Depuis le 24 septembre, la moitié des exportations de biens chinois vers les Etats-Unis pâtit de sanctions douanières. La Chine affichant un excédent commercial avec les Etats-Unis, elle peut difficilement riposter en surtaxant les biens américains. Mais elle a d’autres options: les entreprises américaines redoutent un accès restreint au marché chinois. Malgré le conflit commercial, la majorité des prévisionnistes n’envisage pas de baisser les prévisions de PIB pour la Chine.

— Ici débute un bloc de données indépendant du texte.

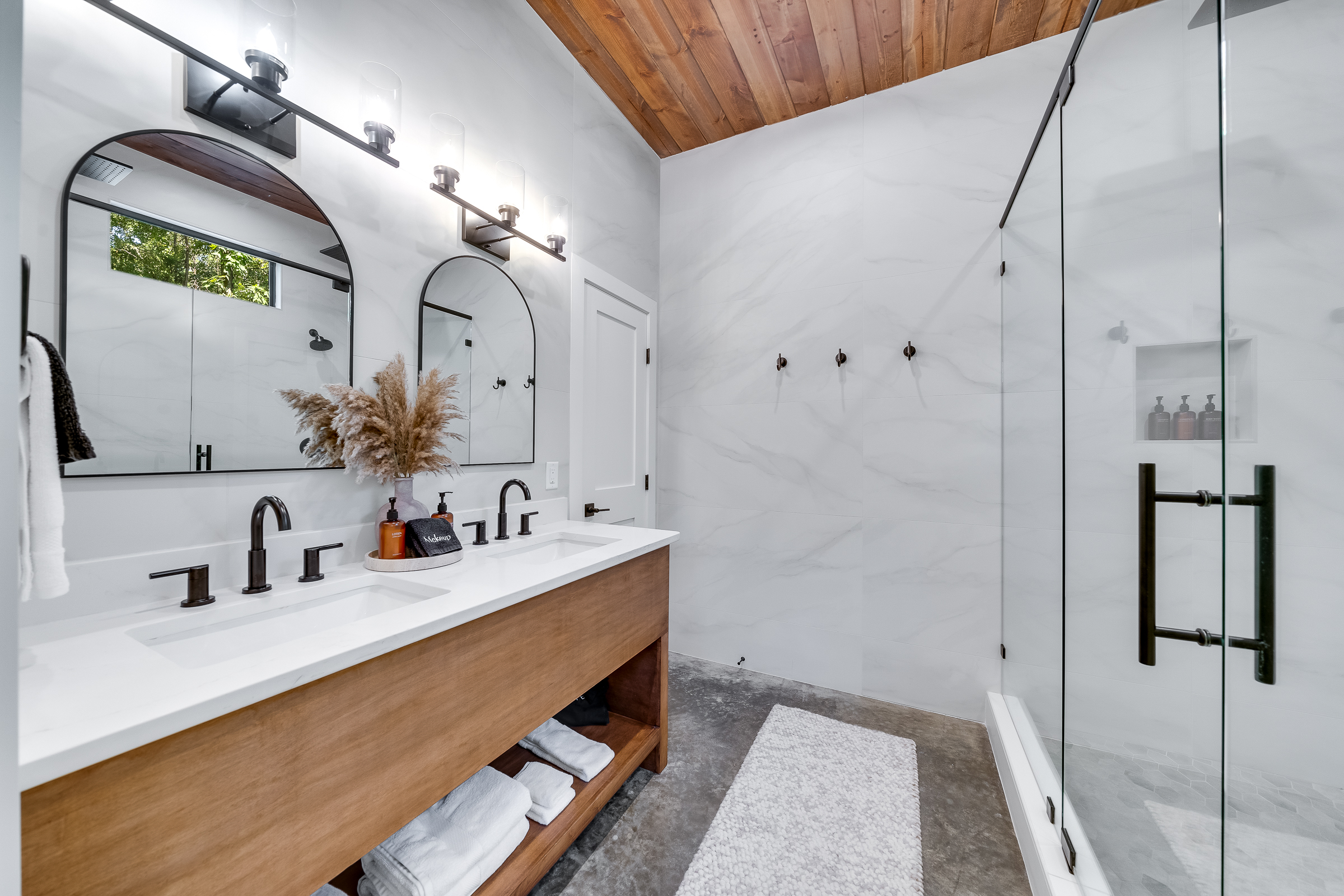 Ensuite Bathroom 3 - Attached to King Suite 3. Featuring enormous rain shower with quad showerheads, and spa-quality marble finishes. Includes premium toiletries (body wash, shampoo, conditioner, hand soap) and hotel quality towels.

Selon Consensus Economics, les prévisions consensuelles de croissance du PIB en 2019 s’établissent à 6,4% contre 6,3% en début d’année. Nous maintenons nos prévisions, un peu plus prudentes pour l’année, à 6,1%. Le gouvernement chinois tente de compenser l’essoufflement de la croissance par des mesures fiscales. Baisses d’impôt pour les entreprises et subventions pour les entreprises exportatrices sont les mesures envisagées. Jusqu’ici, cette stratégie paraît crédible vu la hausse des indices des directeurs d’achat et le ralentissement modéré de la croissance des exportations.